Mayor Rahm Emanuel echoed that in introducing Jarrett at the event, sponsored by his World Business Chicago development initiative. He cited the reverse migration "back into cities" and how "the intellectual, economic and cultural strength of our cities drive the economic power of our country."
Both Jarrett and Emanuel emphasized the importance of renewing infrastructure and education, from expanding it in early childhood through making college tuition more affordable.
Emanuel said Chicago shared the president's agenda, especially with its emphasis on cities, with "mirrored goals, as well as mirrored plans." He said the president could use a Congress that is as responsive and active as the Chicago City Council.
"If we move our city forward," Emanuel said, "we'll actually have a strong country, which is something we all desire."
Jarrett called for renewed spending on infrastructure, along the lines of the Recovery Act of 2009, and specifically cited the CTA's Red Line South project.
"It's not just spending," she said. "You're gonna get a return on that investment."
Jarrett called for immigration reform, a familiar Emanuel theme, as a way of strengthening cities and returning population to downtrodden areas like Detroit, saying, "Immigration reform is in the best interests of our country."
Jarrett called it "nonsense" that Obamacare would cost jobs, saying health care and jobs would be "strengthened" by the Affordable Care Act.
She also called for a recommitment to education, from early childhood through college, saying, "We need to bring down the cost of tuition."
Jarrett echoed Obama's State of Union remarks that strong women are key to a strong economy and culture.
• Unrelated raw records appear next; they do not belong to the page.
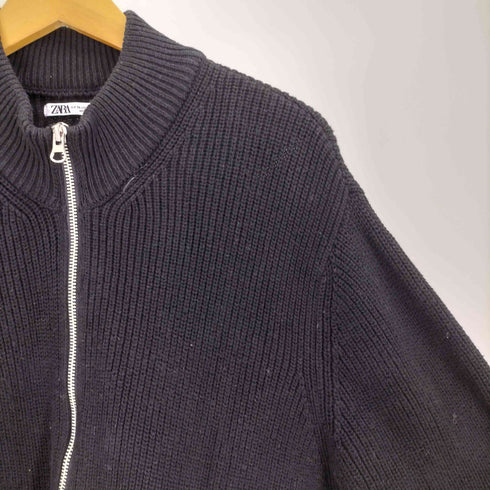 ザラ ZARA ダブルジップ コットン ドライバーズ ニット メンズ import:XL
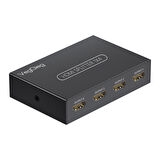 Veggieg 4K 30Hz 1 Giriş 4 Çıkış HDMI Splitter Görüntü Ayırıcı Bölücü Adaptör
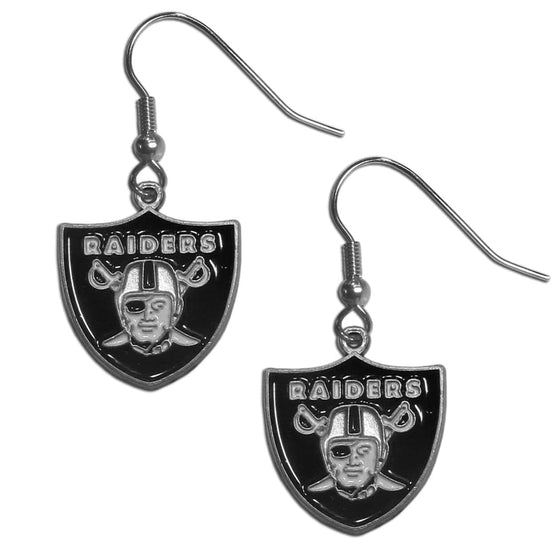 Oakland Raiders Dangle Earrings (SSKG) - 757 Sports Collectibles
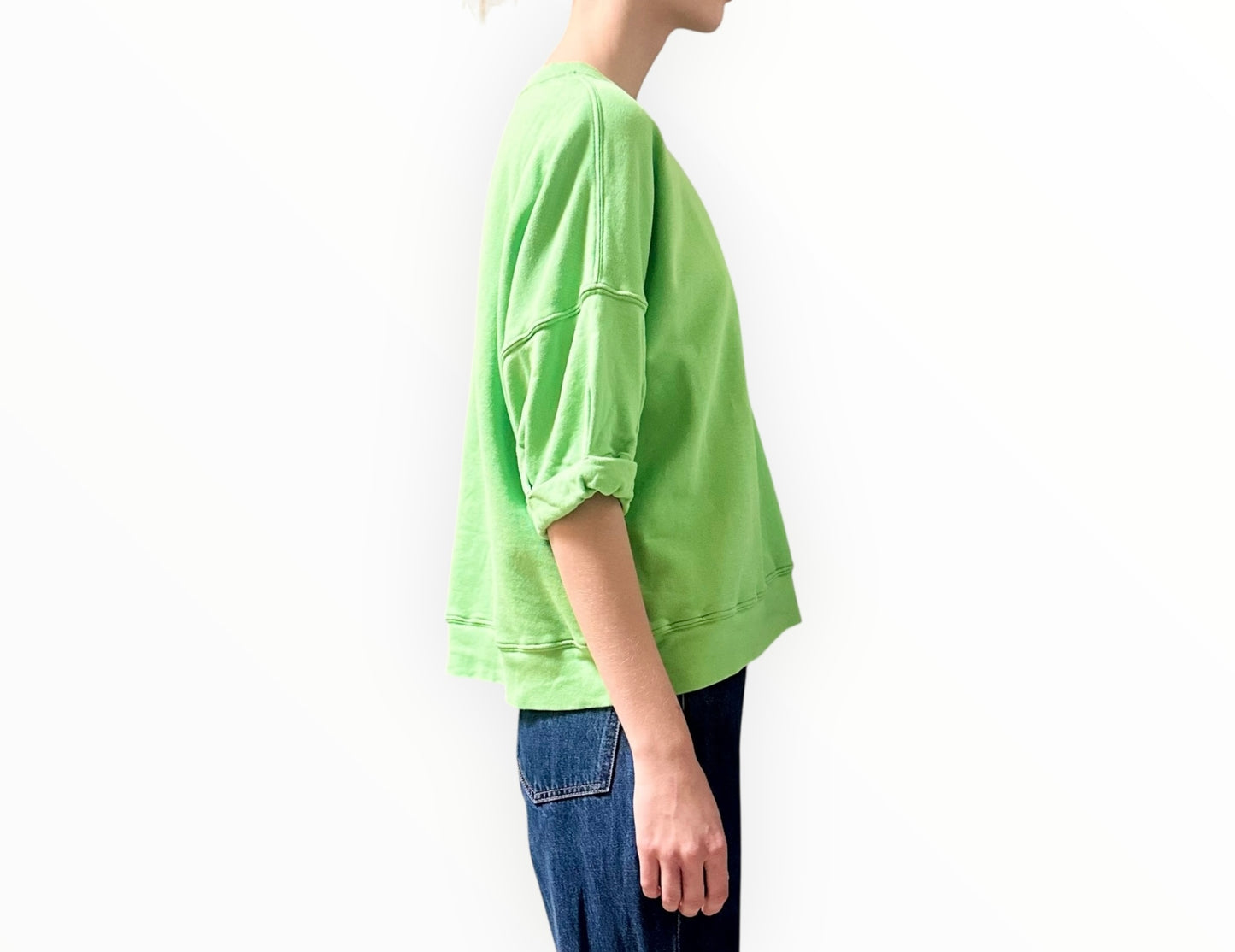 Xirena Short Sleeve Cotton Sweat - Lime - Size S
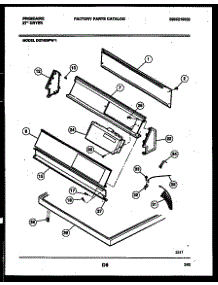 04 - Console And Control Parts parts for Frigidaire Dryer DG7400PW1 from AppliancePartsPros.com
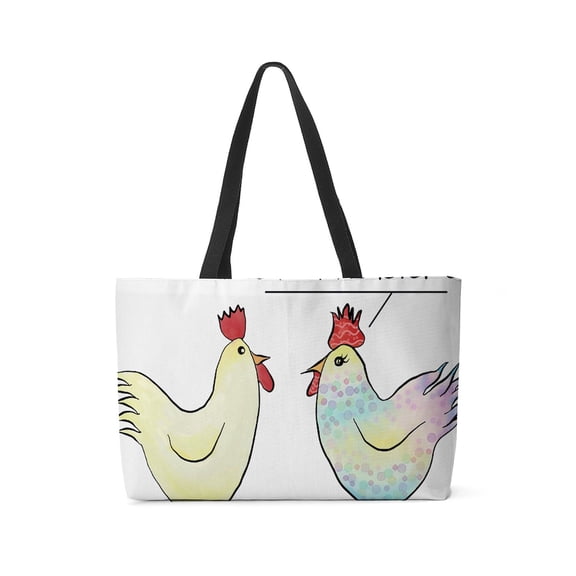 CafePress - Funny Easter Egg Chicken - Large Weekender Tote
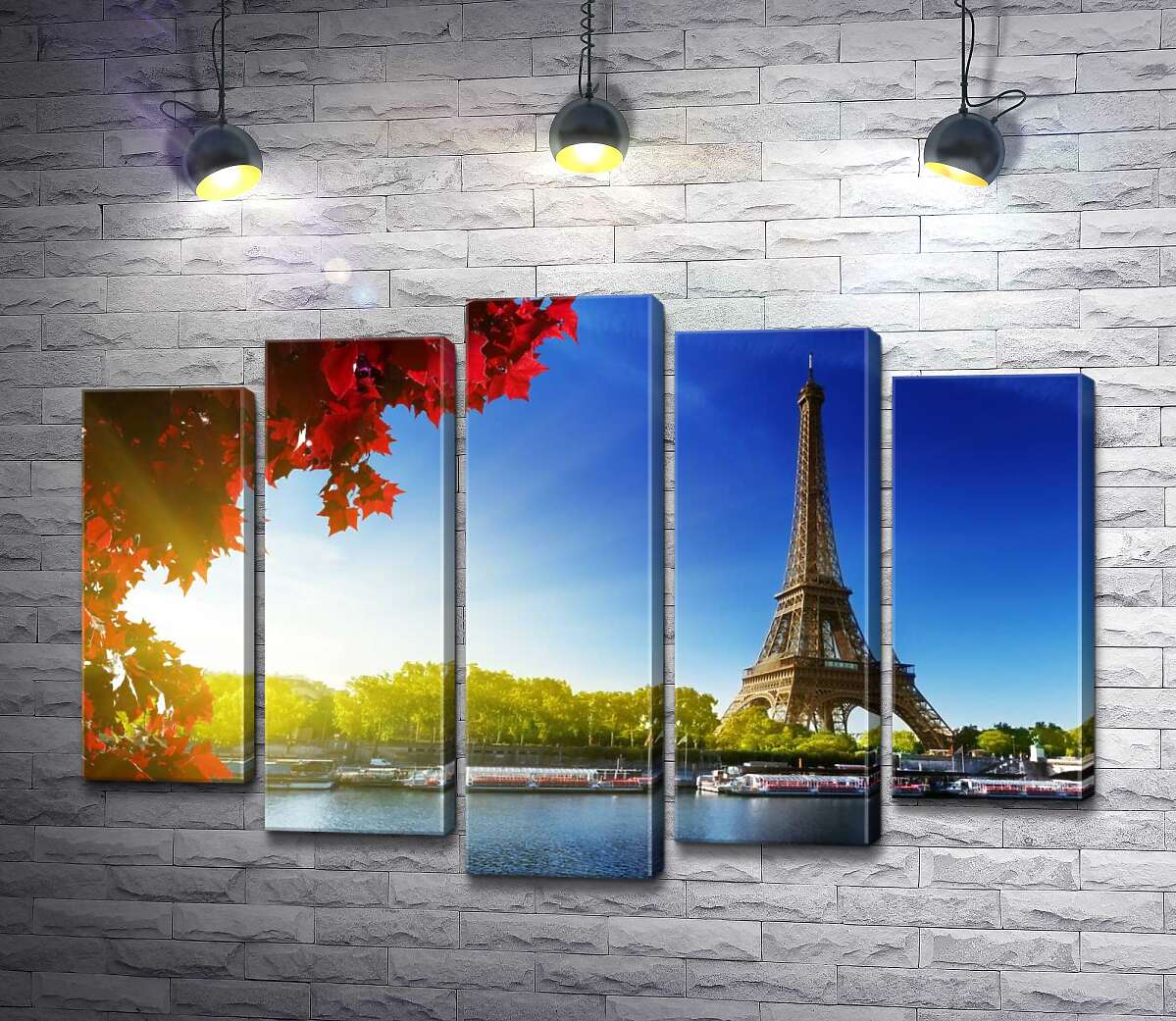 

Модульная картина ArtPoster Эйфелева башня (Eiffel tower) возвышается за Сеной 100x70 см Модуль №26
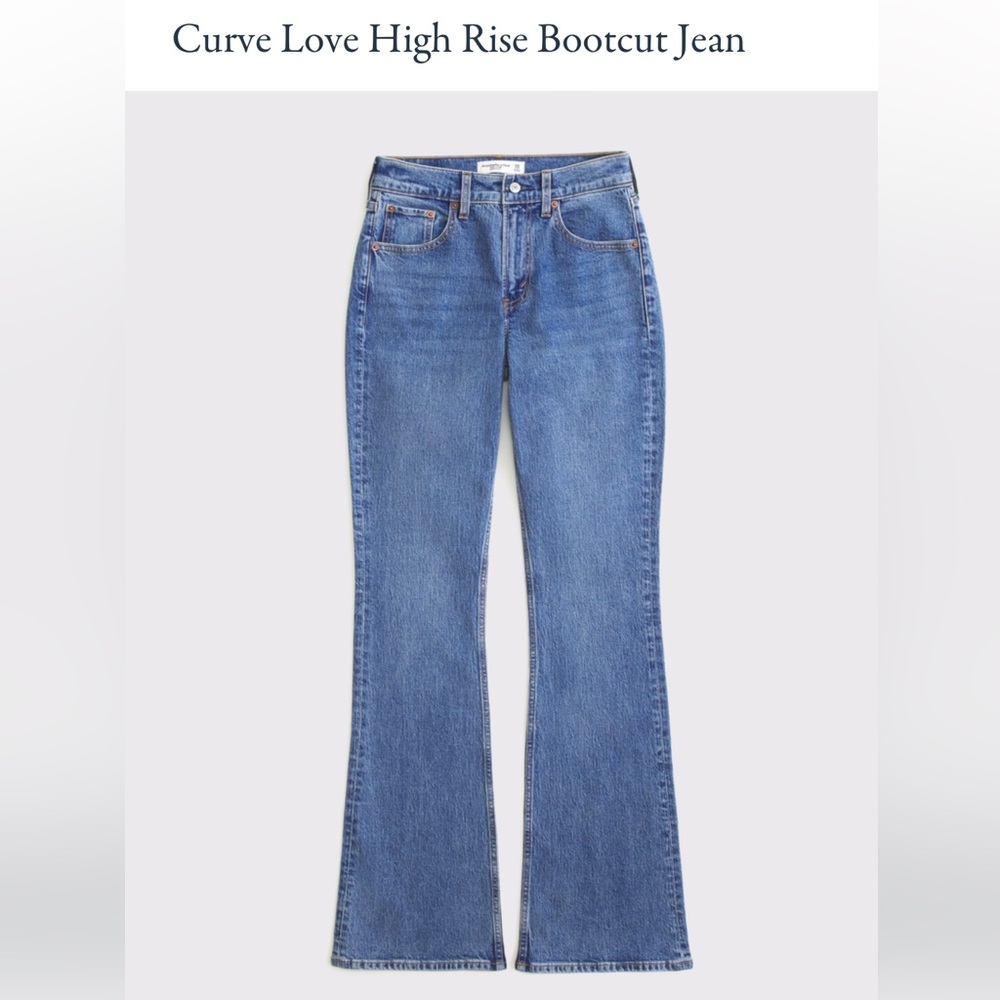 Abercrombie & Fitch Blue Flare Jeans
She called for efforts to diminish sexual assaults.
"There's no excuse for tolerating it," she said. "No still means no."
Jarrett also cited the president's commitment to lowering the incarceration rate for black men, pointing to Education Secretary Arne Duncan's efforts to trim the "discipline gap" in schools, where black youths are more likely to be harshly punished, just as they're more likely to face jail time later in life.
"You'll be hearing more from him on this," Jarrett promised.
Jarrett said she already knew almost all those in attendance at the World Business Chicago event, which included business leaders as well as politicians like local aldermen and Cook County Board President Toni Preckwinkle.
Emanuel introduced her with a gentle reminder that the city would like to be the eventual home of Obama's presidential library when he leaves office. The mayor welcomed Jarrett to the kickoff of what he jokingly called "the presidential-library fundraiser."